Things were about to get worse. Stanley had eight touchdown passes and no interceptions in the first four games. The Wolverines picked him off three times. The worst throw was the first, when Stanley locked on his receiver and apparently didn’t notice Josh Metellus lurking to make an easy interception at the Michigan 31-yard line.
It was an unusually poor performance by an Iowa offense that prides itself on taking care of the football.
Alaric Jackson returns, but not to top form
Hawkeyes junior offensive tackle Alaric Jackson started a game for the first time since he injured his knee early in the season opener. But Jackson, a future NFL player, was not at his best in front of his home state crowd.

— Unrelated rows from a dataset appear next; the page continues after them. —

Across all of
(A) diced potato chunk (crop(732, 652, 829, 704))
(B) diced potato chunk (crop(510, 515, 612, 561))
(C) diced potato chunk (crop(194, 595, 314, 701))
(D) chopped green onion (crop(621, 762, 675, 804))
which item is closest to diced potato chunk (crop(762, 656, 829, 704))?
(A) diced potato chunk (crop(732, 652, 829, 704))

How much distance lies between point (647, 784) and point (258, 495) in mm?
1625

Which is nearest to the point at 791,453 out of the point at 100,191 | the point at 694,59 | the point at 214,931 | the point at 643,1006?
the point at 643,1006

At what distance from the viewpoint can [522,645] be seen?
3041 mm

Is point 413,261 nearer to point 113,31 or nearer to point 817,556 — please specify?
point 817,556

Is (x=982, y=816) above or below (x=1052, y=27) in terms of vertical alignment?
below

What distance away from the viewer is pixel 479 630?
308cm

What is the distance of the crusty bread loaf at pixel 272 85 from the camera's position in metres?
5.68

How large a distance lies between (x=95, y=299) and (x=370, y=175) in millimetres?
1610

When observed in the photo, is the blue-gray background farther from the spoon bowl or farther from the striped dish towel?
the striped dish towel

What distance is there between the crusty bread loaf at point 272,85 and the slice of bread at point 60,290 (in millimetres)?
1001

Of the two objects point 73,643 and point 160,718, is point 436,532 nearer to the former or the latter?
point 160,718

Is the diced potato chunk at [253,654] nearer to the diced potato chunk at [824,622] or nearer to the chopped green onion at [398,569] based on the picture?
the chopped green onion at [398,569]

He was victimized on a first-quarter sack of Stanley by Kwity Paye. He was flagged for a costly fourth-quarter holding penalty. And he couldn’t help an Iowa ground game get going against a Michigan defense that was allowing 168 rushing yards per game. Iowa had 15 negative-yardage plays all season heading into this game. The Hawkeyes had six in the first half alone Saturday.
Coaches have trust in Goodson
After the Sargent fumble, it was true freshman Tyler Goodson who got the next crack at playing running back, a sign of how much faith he has earned in his young career.
Goodson showed he has some work to do in pass protection. But he continued to show that he’s the most elusive of Iowa’s running back quartet. He caught passes that gained 15 and 11 yards, and also had a 12-yard rush in the first. In the fourth quarter, Goodson lined up wide and caught a 31-yard pass.
Goodson is the future for Iowa’s backfield. Maybe even the immediate future.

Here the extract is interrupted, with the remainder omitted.